Conflict Resolution

One of Riak’s central goals is high availability. It was built as a clustered system in which any node is capable of receiving requests without requiring that every node participate in each request.

If you are using Riak in an eventually consistent way, conflicts between object values on different nodes is unavoidable. Often, Riak can resolve these conflicts on its own internally if you use causal context, i.e. vector clocks or dotted version vectors, when updating objects. Instructions on this can be found in the section below.

Important note on terminology

In versions of Riak prior to 2.0, vector clocks were the only causal context mechanism available in Riak, which changed with the introduction of dotted version vectors in 2.0. Please note that you may frequent find terminology in client library APIs, internal Basho documentation, and more that uses the term “vector clock” interchangeably with causal context in general. Riak’s HTTP API still uses a X-Riak-Vclock header, for example, even if you are using dotted version vectors.

But even when you use causal context, Riak cannot always decide which value is most causally recent, especially in cases involving concurrent updates to an object. So how does Riak behave when it can’t decide on a single most-up-to-date value? That is your choice. A full listing of available options can be found in the section below. For now, though, please bear in mind that we strongly recommend one of the following two options:

  1. If your data can be modeled as one of the currently available Riak Data Types, we recommend using one of these types, because all of them have conflict resolution built in, completely relieving applications of the need to engage in conflict resolution.
  2. If your data cannot be modeled as one of the available Data Types, we recommend allowing Riak to generate siblings and to design your application to resolve conflicts in a way that fits your use case. Developing your own conflict resolution strategy can be tricky, but it has clear advantages over other approaches.

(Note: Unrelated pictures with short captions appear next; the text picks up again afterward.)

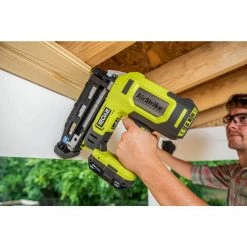 RYOBI ONE+ 18V 16-Gauge Cordless AirStrike Finish Nailer with 1.5 Ah Battery and Charger -Air Compressors Shop ryobi finishing nailers p326kn 77 1000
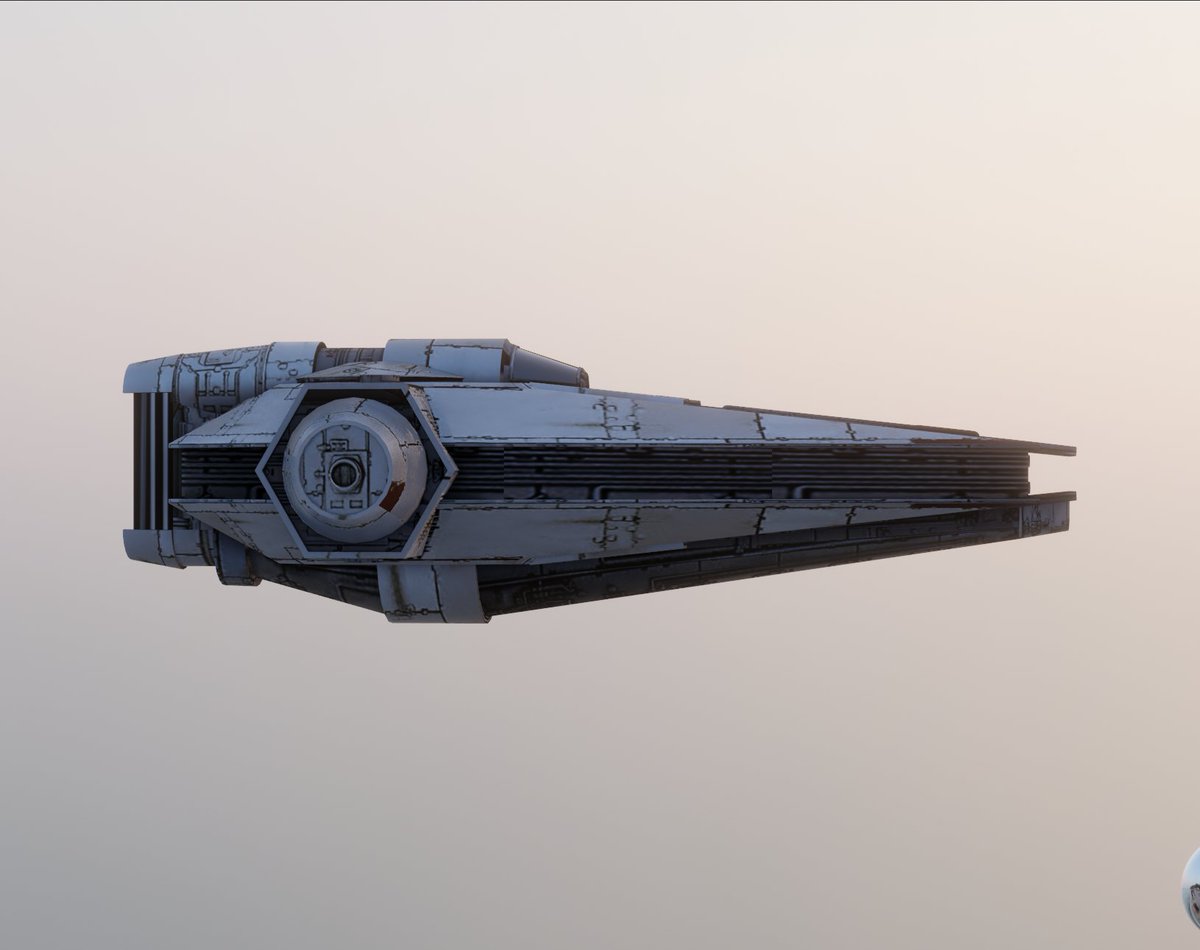 It's been a long time I wanted to to spaceship again, so I'm experimenting some stuff on blender, Star Wars style.

#artistsoninstagram #conceptart #spaceship #blender #eevee #space #starwars #vehicledesign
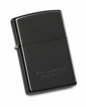 Zorro Titanium Black Thick Case Flip Lid Lighter Gift Box Set with 16ML Fluid Refill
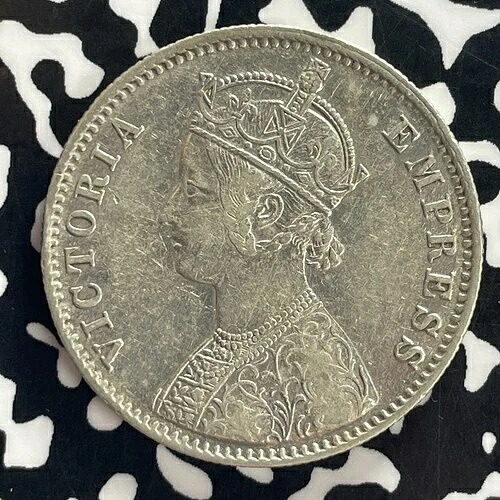 1891年 インド アルワル 1ルピー ロット#JM0343 銀貨!希少!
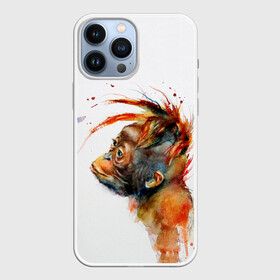 Чехол для iPhone 13 Pro Max с принтом Орангутанг в Кировске,  |  | Тематика изображения на принте: африка | море | обезьянка | отпуск | пальма | юг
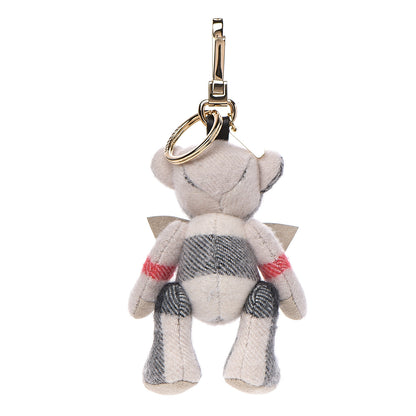 Burberry Cashmere House Check Thomas Bear Bag Charm Stone 2 of 3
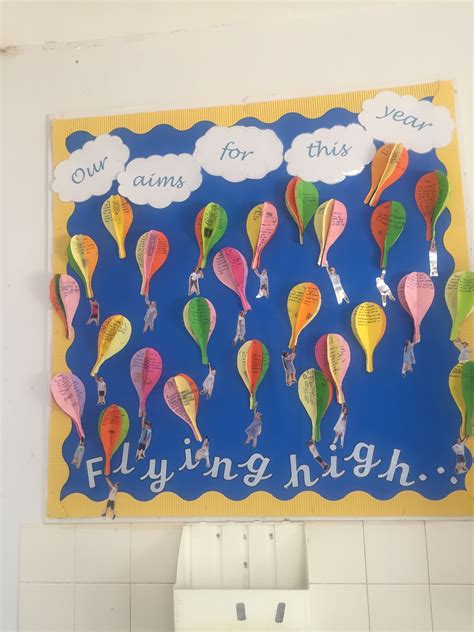 hot air balloon display classroom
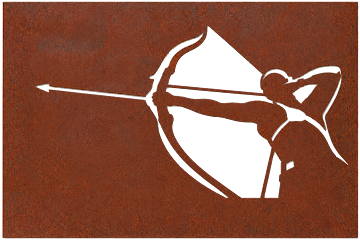 Rustic Archer Silhouette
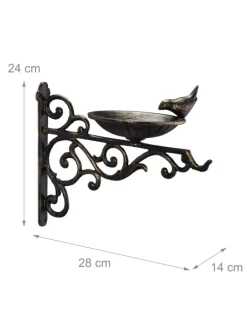 Vogeltränke in Bronze - (B)28x (H)24 x (T)14 cm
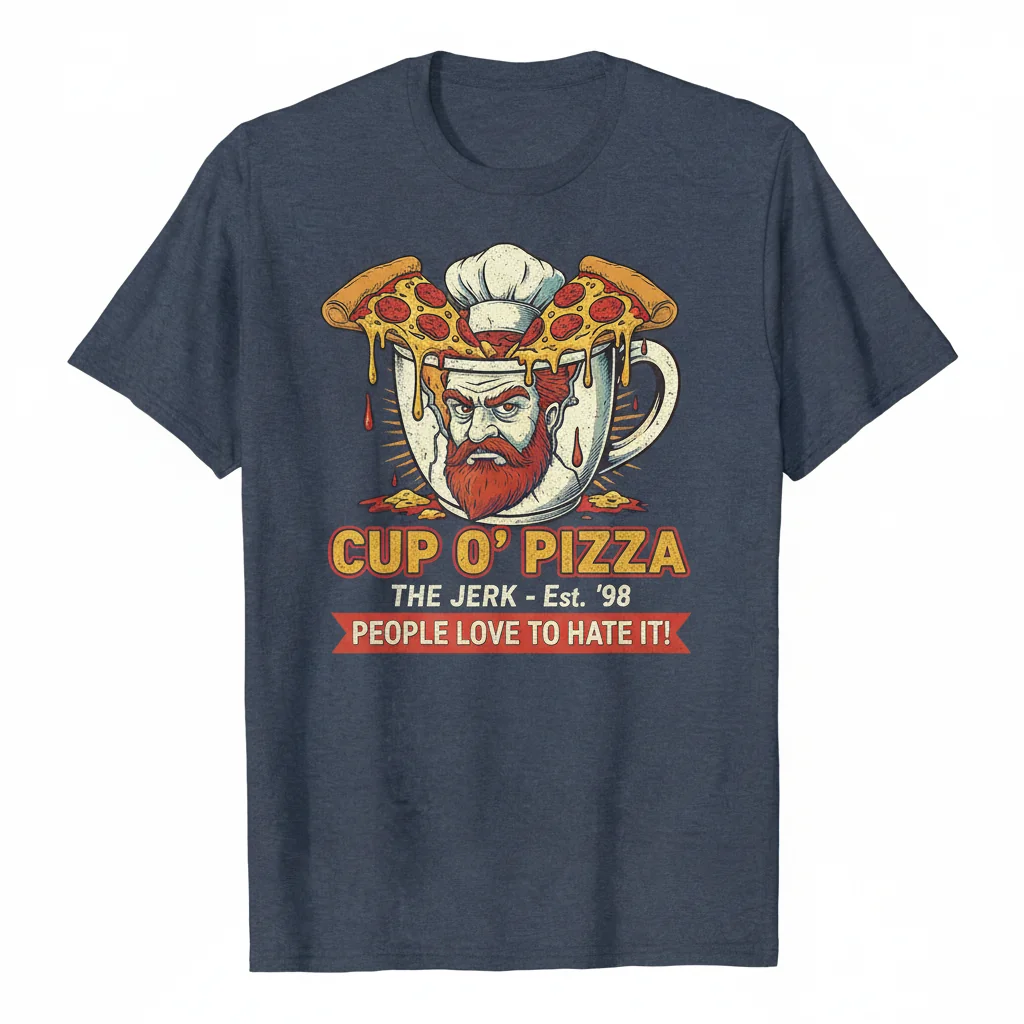Cup O' Pizza: The Jerk Essential Tee – Streetwear Icon 1 Cup O' Pizza: The Jerk Essential Tee – Streetwear Icon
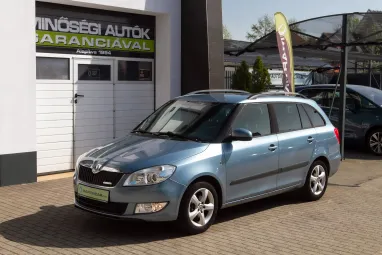SKODA FABIA 1.2 CR Tdi Greenline Blue Satin Metallic +Frissen Szervizelt +Navigáció +2X-s GARANCIA !!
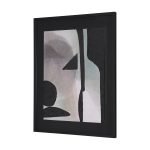 Shape Shift - Arrange by Mercana Studio Hand Embelished Textured Framed Art Print Matted under Glass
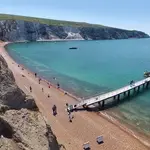 Alum Bay Beach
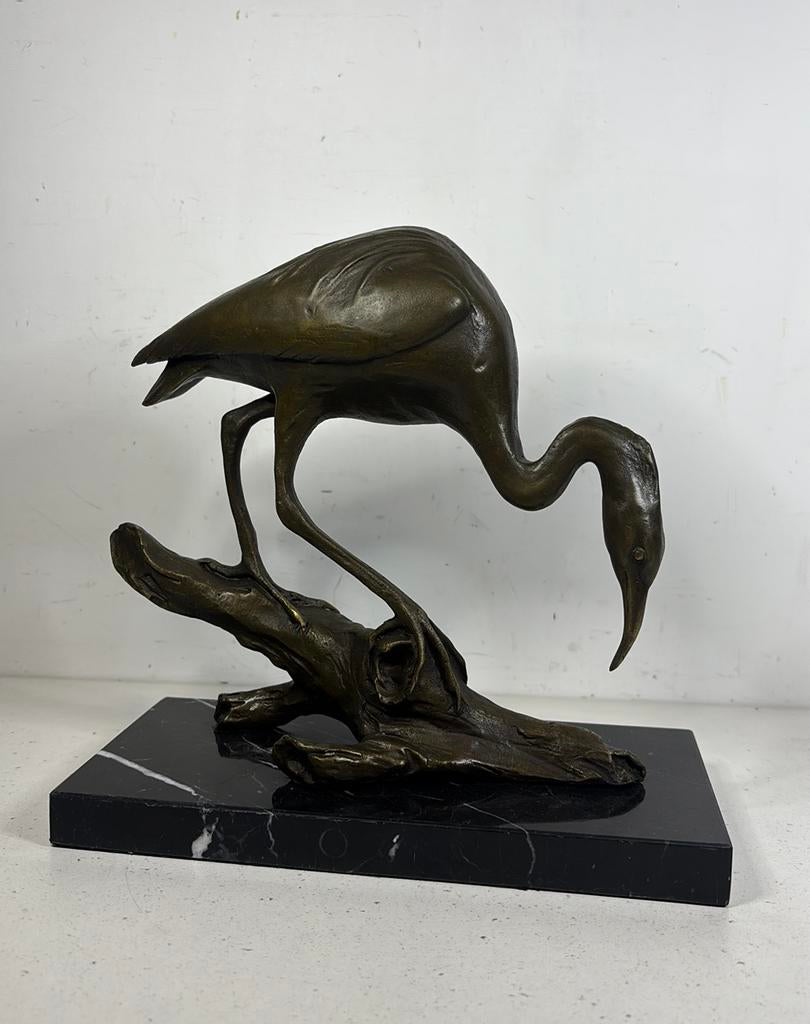 Japanse kraanvogel - brons, Ophalen of Verzenden, Brons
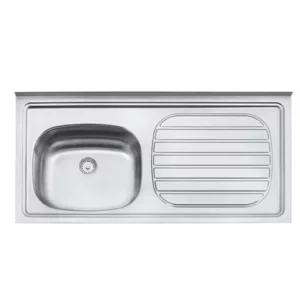 Pia Inox Standard 120x55 Tramontina Cuba  Esquerda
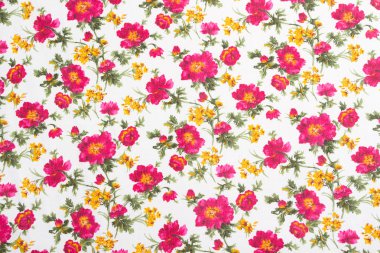 Floral pattern on seamless cloth. Flower bouquet. clipart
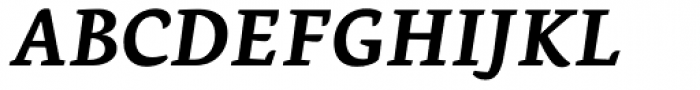 Ginkgo Pro Bold Italic Font UPPERCASE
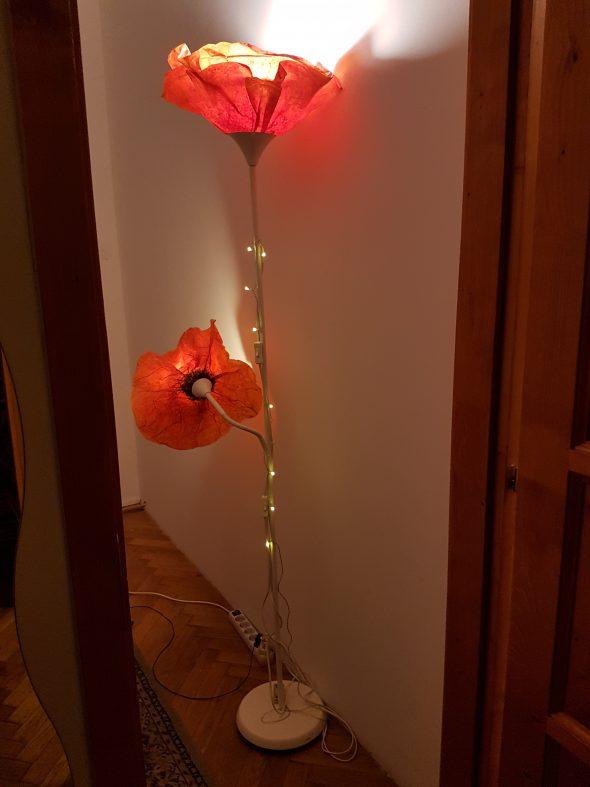 Pipacs lámpa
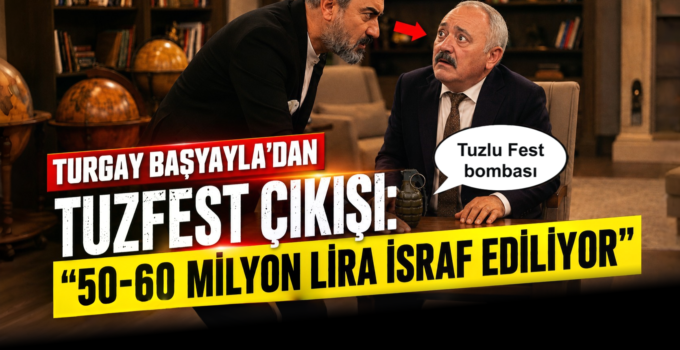 Turgay Başyayla’dan TuzFest Çıkışı: “50-60 Milyon Lira İsraf Ediliyor”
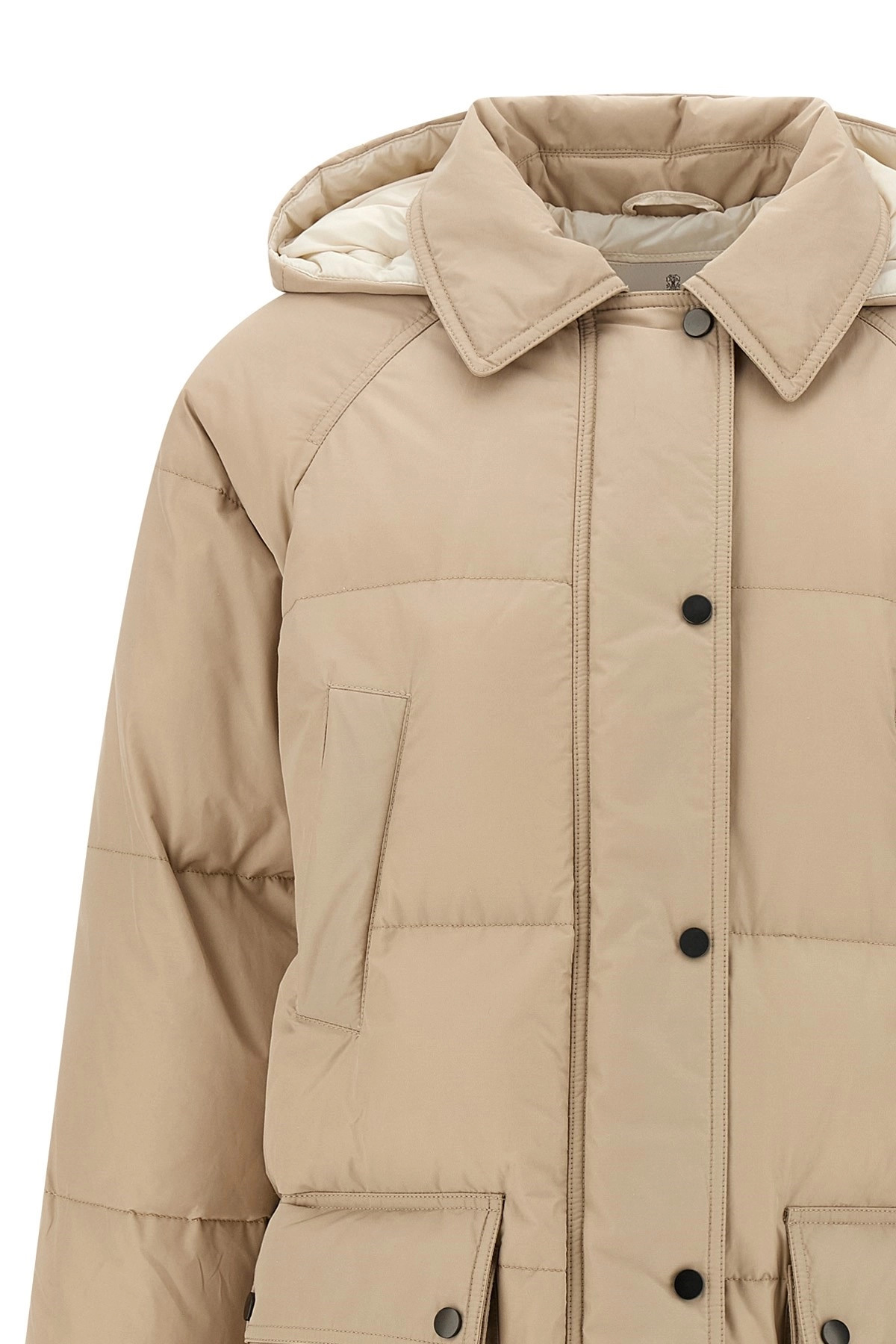 'Shiny Zipper Pull' down jacket - 3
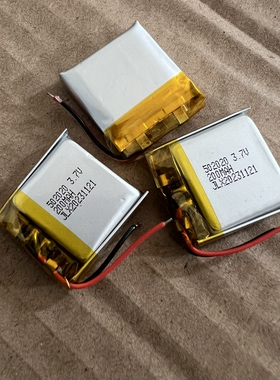 3.7V带保护电路聚合物电芯可充电锂电池手环手表200mAh规格502020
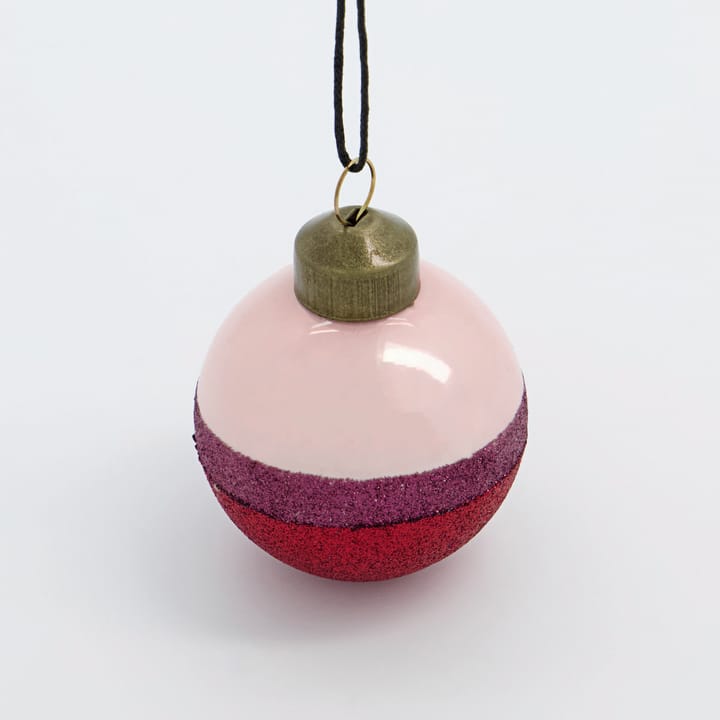 Decoração de Natal Stripe Ø5 cm, Rosa-vermelho House Doctor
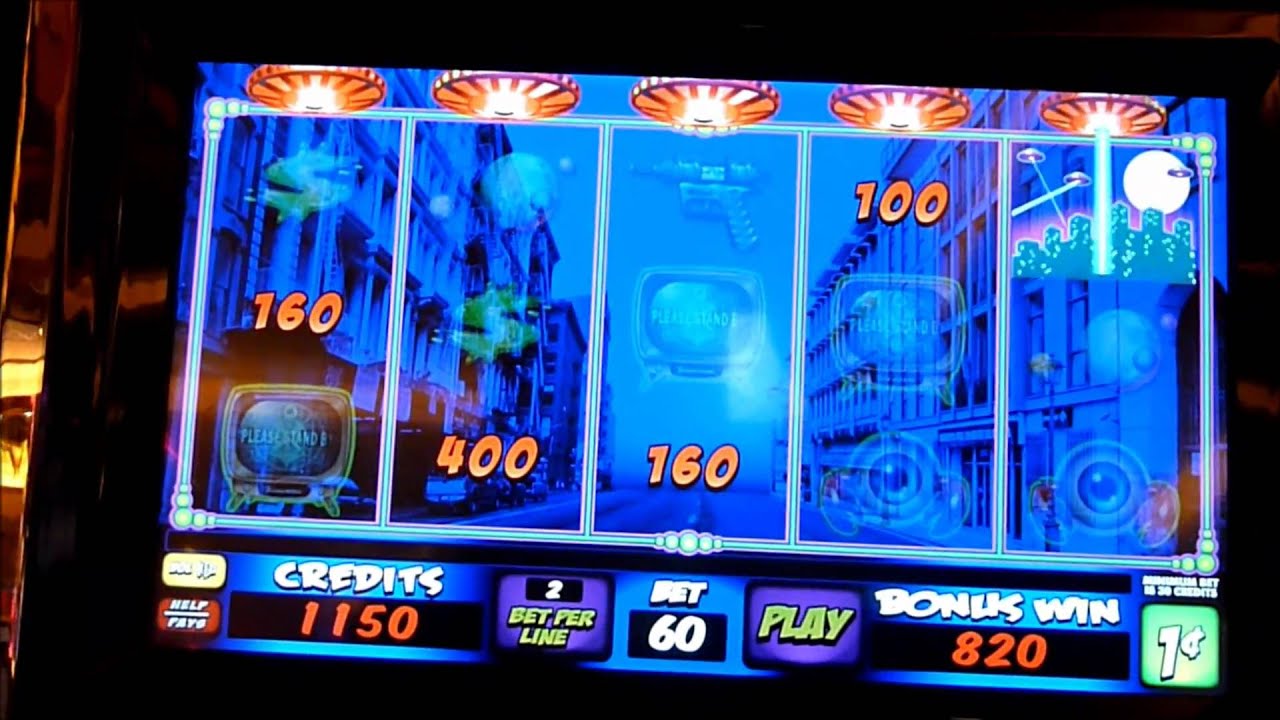 Invasion from Outerspace Slot Machine Bonus Win (queenslots) YouTube
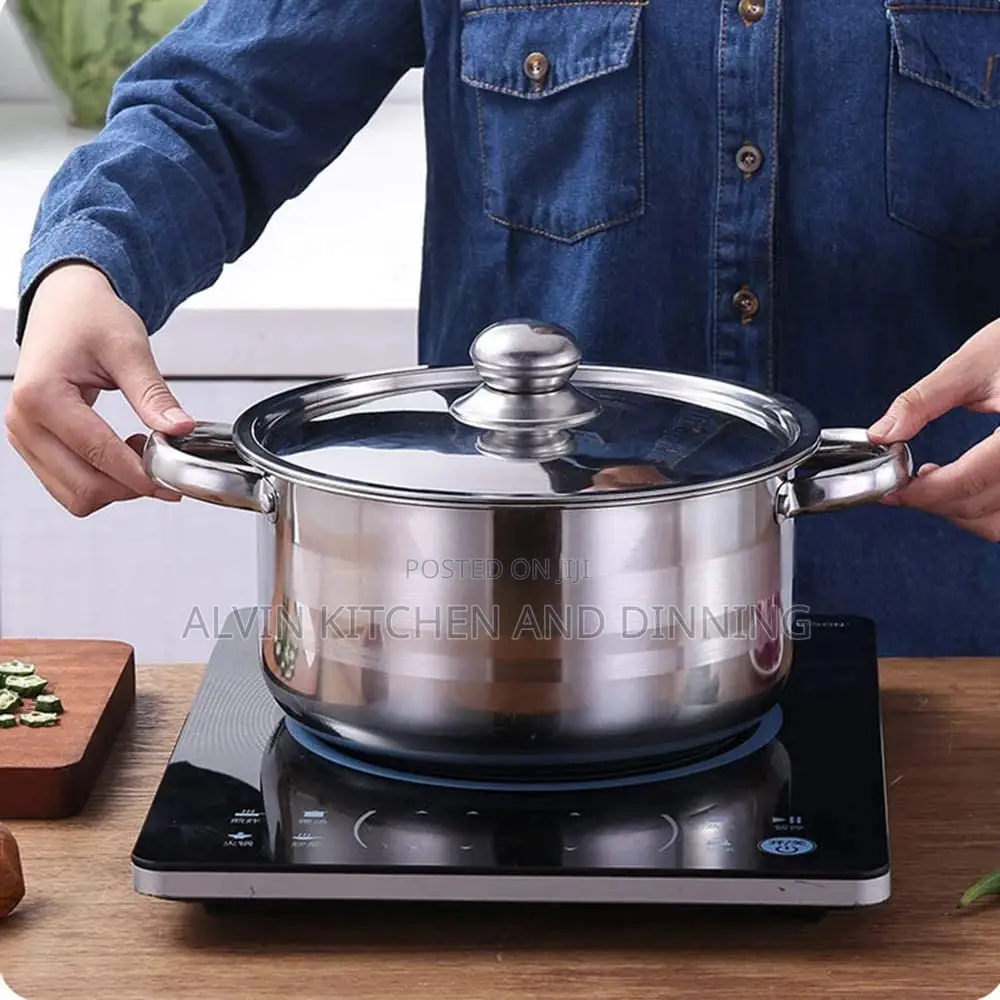 Nonstick Cookware Set 4-Piece Stainless Steel Pot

Because Riak allows for a mixed approach when storing and managing data, you can apply multiple conflict resolution strategies within a cluster.

Note on strong consistency

In versions of Riak 2.0 and later, you have the option of using Riak in a strongly consistent fashion. This document pertains to usage of Riak as an eventually consistent system. If you’d like to use Riak’s strong consistency feature, please refer to the following documents:

Client- and Server-side Conflict Resolution

Riak’s eventual consistency model is powerful because Riak is fundamentally non-opinionated about how data resolution takes place. While Riak does have a set of defaults, there are a variety of general approaches to conflict resolution that are available. In Riak, you can mix and match conflict resolution strategies at the bucket level, using bucket types. The most important bucket properties to consider when reasoning about conflict resolution are the allow_mult and last_write_wins properties.

These properties provide you with the following basic options:

Timestamp-based Resolution

If the allow_mult parameter is set to false, Riak resolves all object replica conflicts internally and does not return siblings to the client. How Riak resolves those conflicts depends on the value that you set for a different bucket property, last_write_wins. If last_write_wins is set to false, Riak will resolve all conflicts on the basis of timestamps, which are attached to all Riak objects as metadata.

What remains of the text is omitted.